# A Message From the Alien Type.



## geniusdexter (Jun 13, 2011)

Greetings, earthling. 

Okay, lemme introduce myself.
I, geniusdexter, am an INTP, which is often called the alien type. (Indeed, this is an exaggeration. )

Been a lurker for, like, forever. But then, i decided to jump in to where you earthling guys dwell. So well, here i am.


----------



## col (Jun 4, 2011)

Do you come in peace? :crazy:

Welcome


----------



## geniusdexter (Jun 13, 2011)

col said:


> Do you come in peace? :crazy:
> 
> Welcome


As long as earth's chocolate still tastes nice, then yes, I come in peace.


----------



## col (Jun 4, 2011)

As long as you dont buy it in a pet shop, the chocolate should taste great


----------



## geniusdexter (Jun 13, 2011)

col said:


> As long as you dont buy it in a pet shop, the chocolate should taste great


I don't buy chocolate, it buys me.


----------



## Kriash (May 5, 2011)

Welcome to the forum!


----------



## geniusdexter (Jun 13, 2011)

Kriash said:


> Welcome to the forum!


hiya kriash, do you have chocolate? i love chocolate.


----------



## Kriash (May 5, 2011)

geniusdexter said:


> hiya kriash, do you have chocolate? i love chocolate.


Hm, well, I have chocolate chip granola bars, does that count? (I also have chocolate syrup, but it isn't as good)


----------



## geniusdexter (Jun 13, 2011)

Do you have virtual chocolate? I want that.


----------



## whiterwair (May 29, 2010)

This is strangely similar to a conversation I just had. Including both myself as a being from a future time and place, and sugar cookies (similar enough to chocolate).

Welcome, from an INFP.


----------



## geniusdexter (Jun 13, 2011)

gemofgreen said:


> This is strangely similar to a conversation I just had. Including both myself as a being from a future time and place, and sugar cookies (similar enough to chocolate).
> 
> Welcome, from an INFP.


Good. Now gimme a chocolate bar.


----------



## Kriash (May 5, 2011)




----------



## geniusdexter (Jun 13, 2011)

Dang it! I should've known earthlings have delicious virtual chocolates! *bitemyscreenoff*


----------



## whiterwair (May 29, 2010)

geniusdexter said:


> Good. Now gimme a chocolate bar.


Unfortunately I have no chocolate bar, but if you would like to come with me to the year 2231, delicious desserts abound.


----------



## geniusdexter (Jun 13, 2011)

gemofgreen said:


> Unfortunately I have no chocolate bar, but if you would like to come with me to the year 2231, delicious desserts abound.


Really?
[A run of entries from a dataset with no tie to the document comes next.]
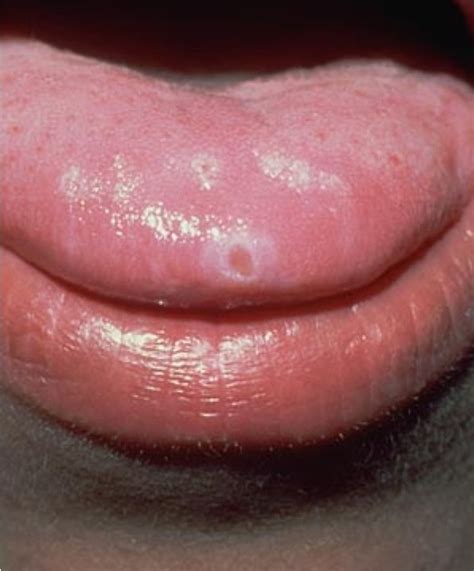 Pimple On Tongue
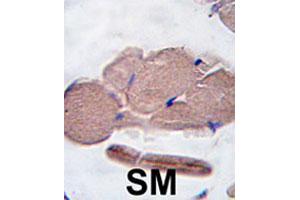 Formalin-fixed and paraffin-embedded human skeletal muscle tissue reacted with MSTN polyclonal antibody  , which was peroxidase-conjugated to the secondary antibody, followed by DAB staining. (MSTN 抗体  (AA 17-46))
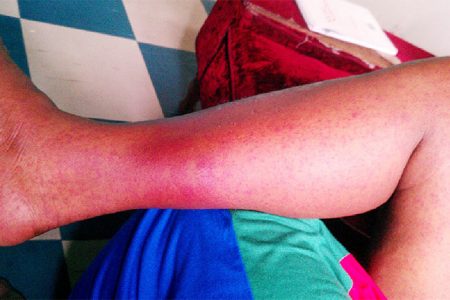 Ann Mentis: Ann Mentis’ left leg was swollen and covered in red spots yesterday when Stabroek News visited her home at Howes Street, Charlestown. 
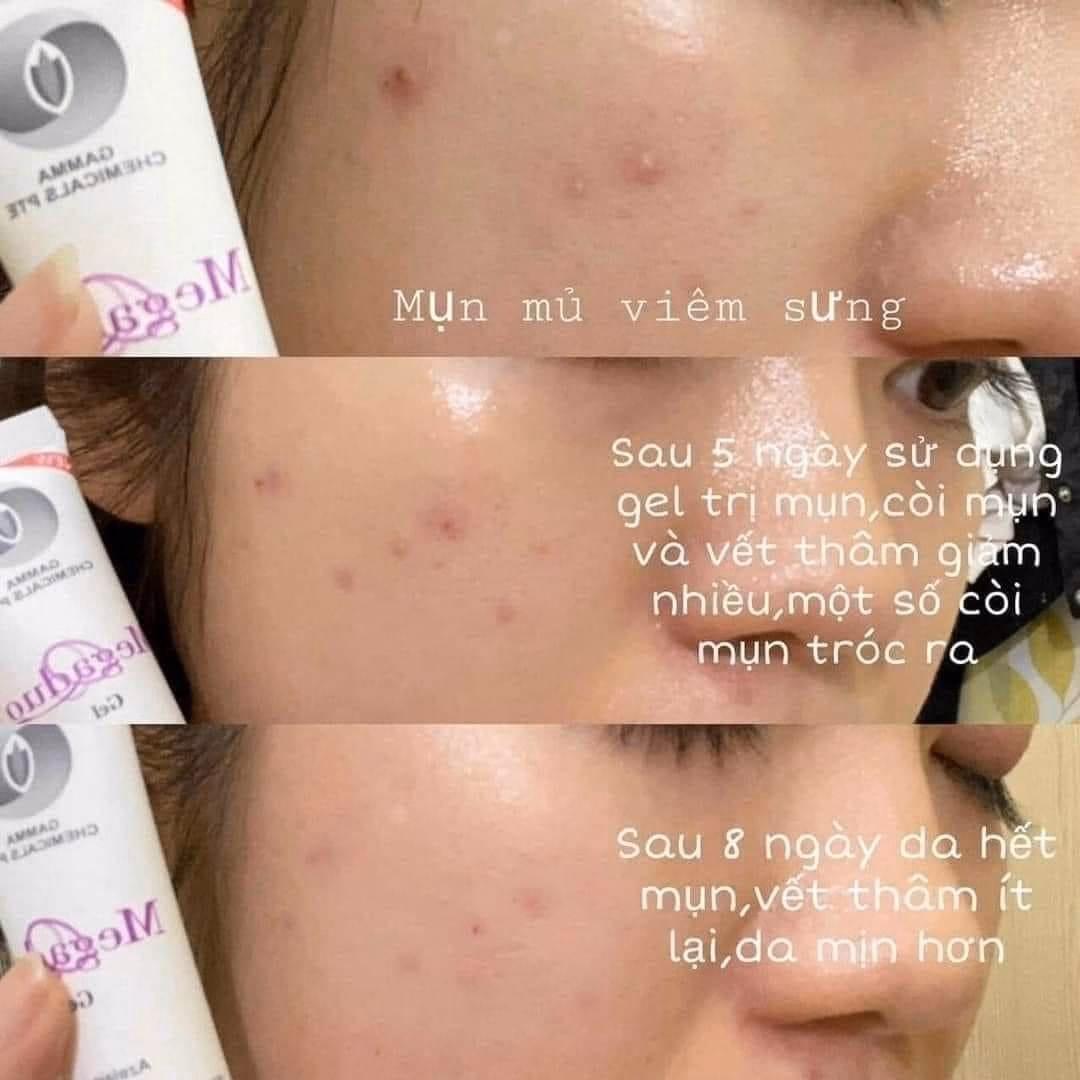 Gel Trị Mụn Xóa Thâm Do Mụn Megaduo - Gamma - Ảnh 5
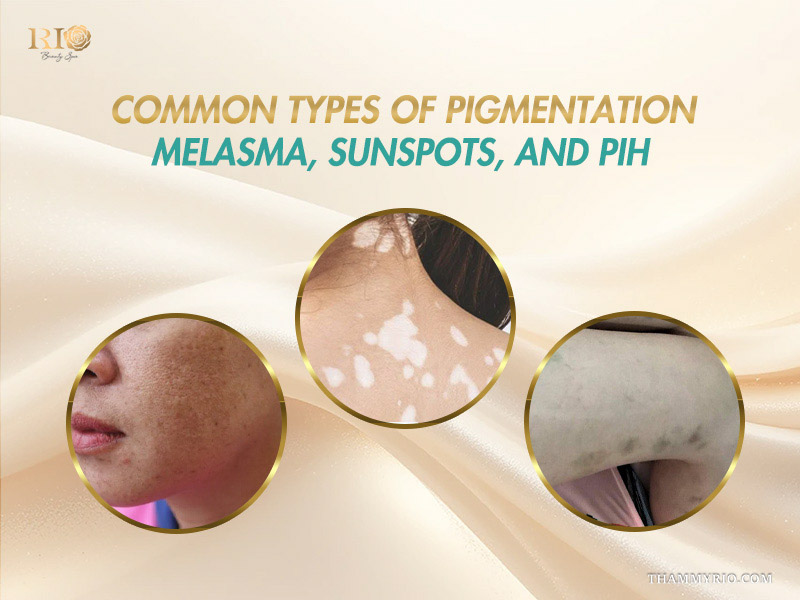 Three circular photos identifying melasma, vitiligo white spots, and deep body discoloration as common types of skin pigmentation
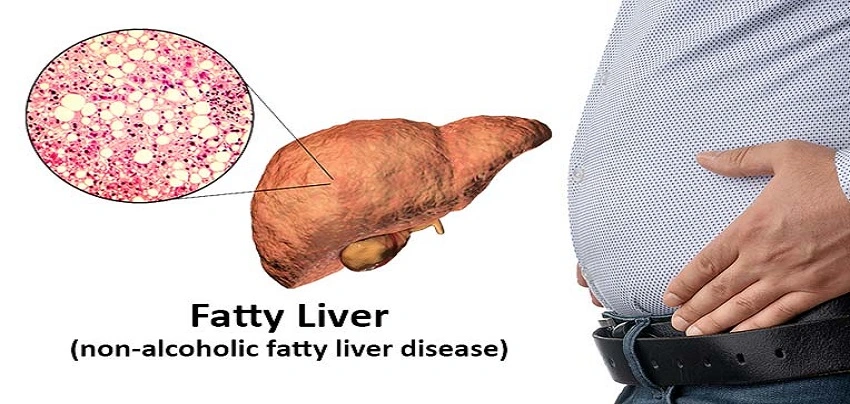 Fatty Liver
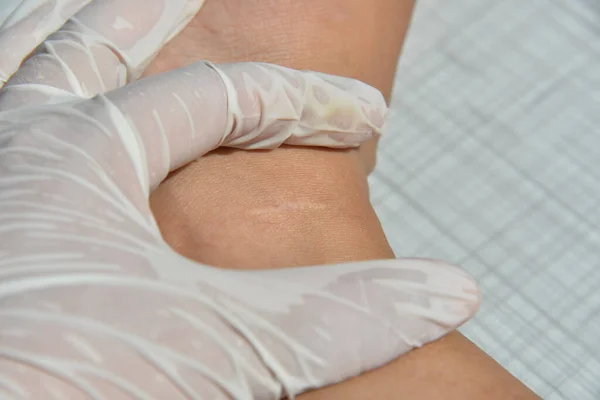 Δερματικές Παθήσεις Ερεθισμός Φαγούρα Ραγισμένες Πληγές Οδηγούν Οδυνηρές Αισθήσεις Δέρμα — Φωτογραφία Αρχείου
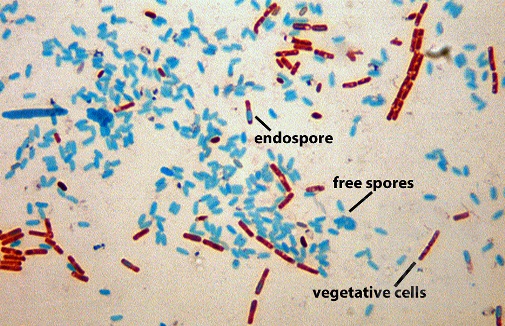 Photomicrograph of endospore staining, showing endospores, free spores, and vegetative cells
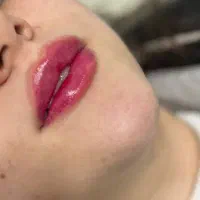 تخفیف ویژه بوتاکس،فیلر،مزو،لیزر موهای زائد کندلا|خدمات آرایشگری و زیبایی|کرج, فاز ۲ مهرشهر|دیوار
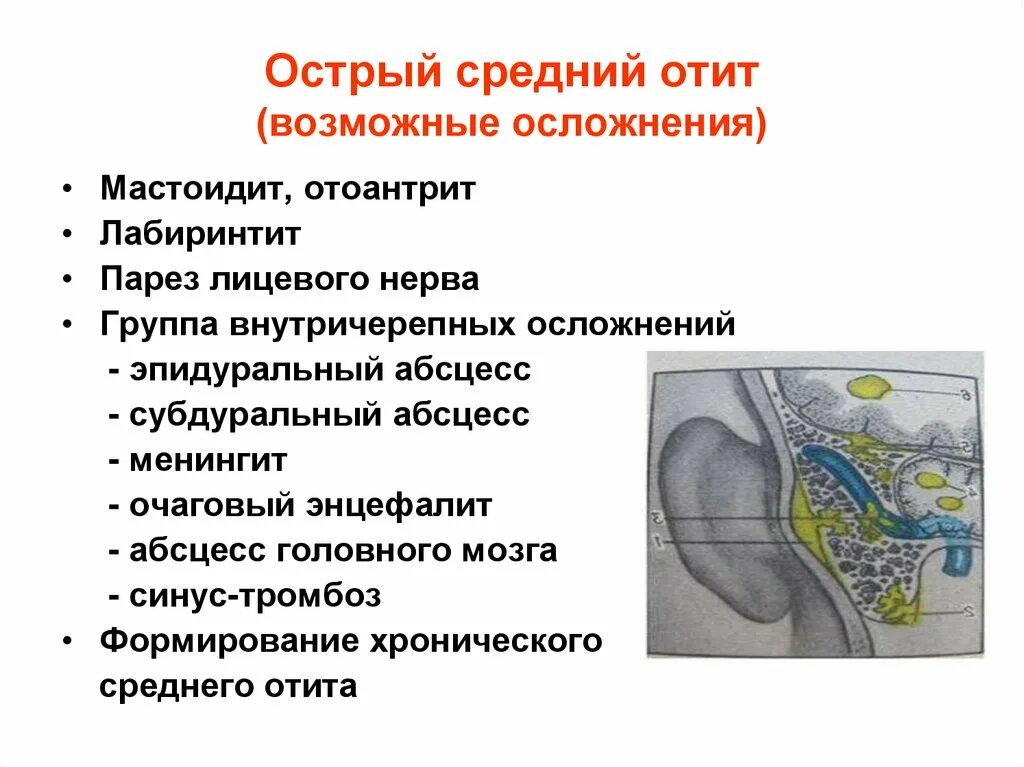 Острый средний отит осложнения. Осложнения заболеваний среднего уха. Осложнения острого среднего уха. Осложнения острого среднего отита. Причины воспаления среднего уха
I thought people'll eat capsules in 2231 because of nuclear wars years before. That's good to hear. But wait, are there any chocolates there, I wonder?


----------



## whiterwair (May 29, 2010)

geniusdexter said:


> Really? I thought people'll eat capsules in 2231 because of nuclear wars years before. That's good to hear. But wait, are there any chocolates there, I wonder?


Something far superior to chocolates! Yes, blasphemous as it now seems, it is true.


----------



## geniusdexter (Jun 13, 2011)

gemofgreen said:


> Something far superior to chocolates! Yes, blasphemous as it now seems, it is true.


superior to chocolates!? Define it please.
beacuse the only thing superior than chocolates that i know is this: Superior!


----------



## whiterwair (May 29, 2010)

It is defined as: divinely delicious.


----------



## geniusdexter (Jun 13, 2011)

But I don't want something divinely delicious, i want chocolate.....


----------



## whiterwair (May 29, 2010)

Chocolate, you may, if you wanted it badly enough, arise from your chair/bed/whatever it be that you sit on, and go have yourself some chocolate.

The thing that I have... it is very, very hard to get.

But to each his own.

(Sorry. I'm really just half-asleep but too addicted to the computer to go fully-asleep, so I apparently begin rambling about future desserts.)


----------



## geniusdexter (Jun 13, 2011)

gemofgreen said:


> The thing that I have... it is very, very hard to get.


It must be money, then.



gemofgreen said:


> (Sorry. I'm really just half-asleep but too addicted to the computer to go fully-asleep, so I apparently begin rambling about future desserts.)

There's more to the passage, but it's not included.